ABOUT THIS EXERCISE: The needed output is the run of lines below from the one containing "ST. JOHN Milano" through the one containing "HandMade The Rolex", copied exactly and free of pictures.

BEGIN MATERIAL PROVIDED

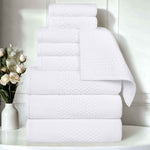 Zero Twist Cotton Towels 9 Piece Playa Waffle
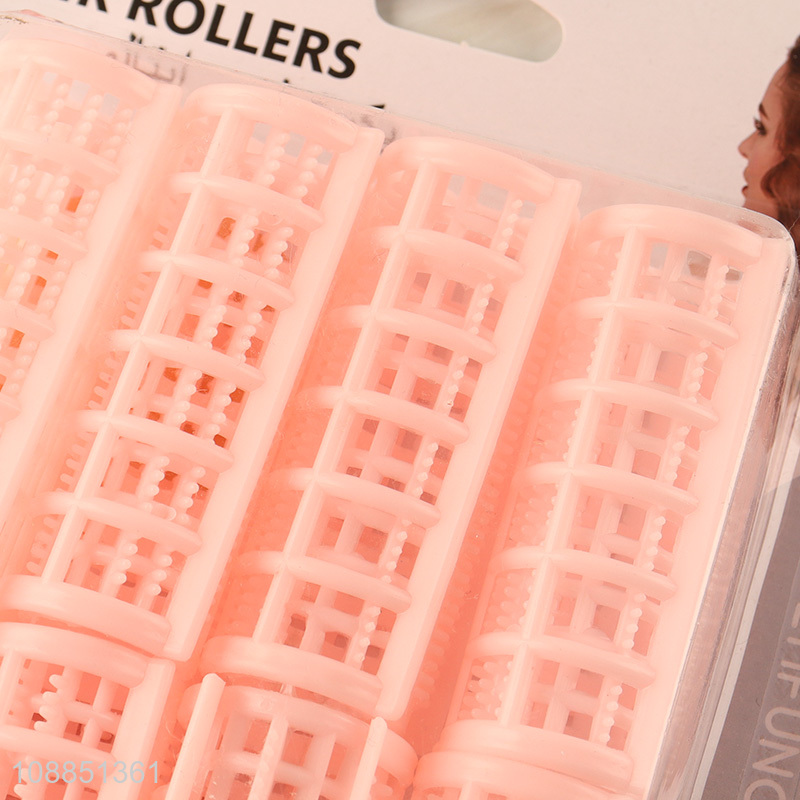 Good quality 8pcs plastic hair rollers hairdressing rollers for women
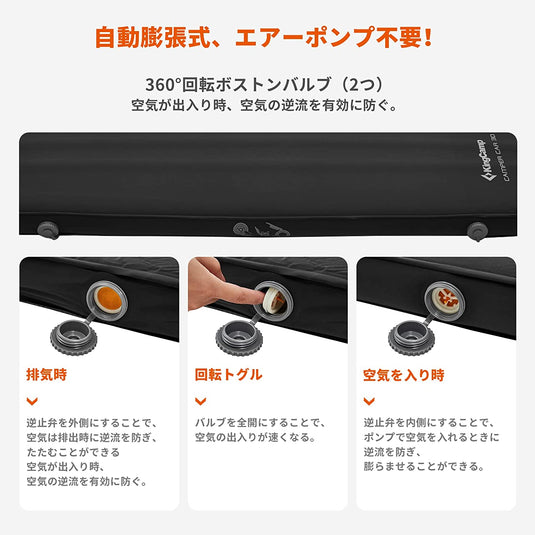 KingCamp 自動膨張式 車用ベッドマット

END MATERIAL PROVIDED
BEGIN MATERIAL PROVIDED

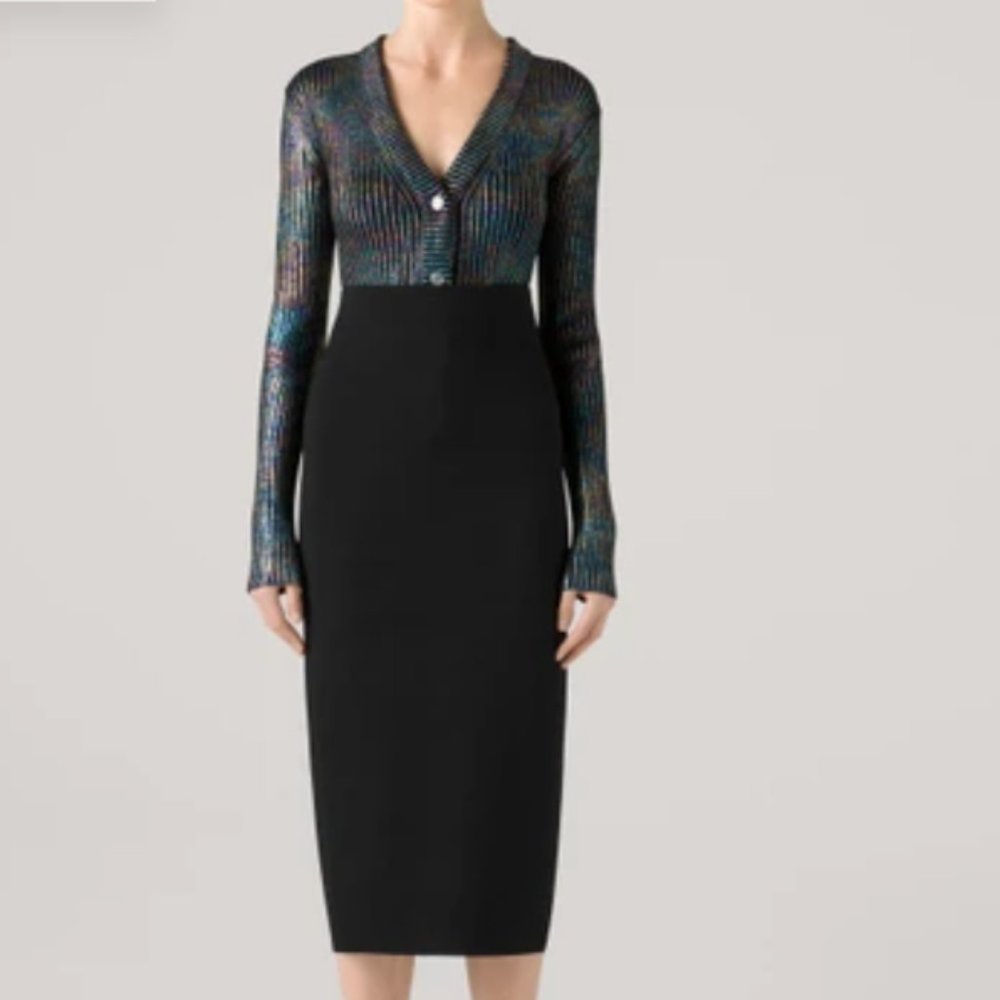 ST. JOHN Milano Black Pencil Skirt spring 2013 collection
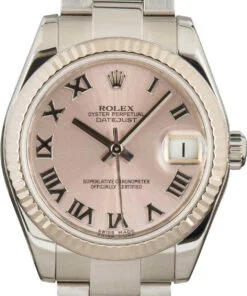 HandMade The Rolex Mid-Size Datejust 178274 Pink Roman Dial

END MATERIAL PROVIDED

RESULT BELOW:
 ST. JOHN Milano Black Pencil Skirt spring 2013 collection
 HandMade The Rolex Mid-Size Datejust 178274 Pink Roman Dial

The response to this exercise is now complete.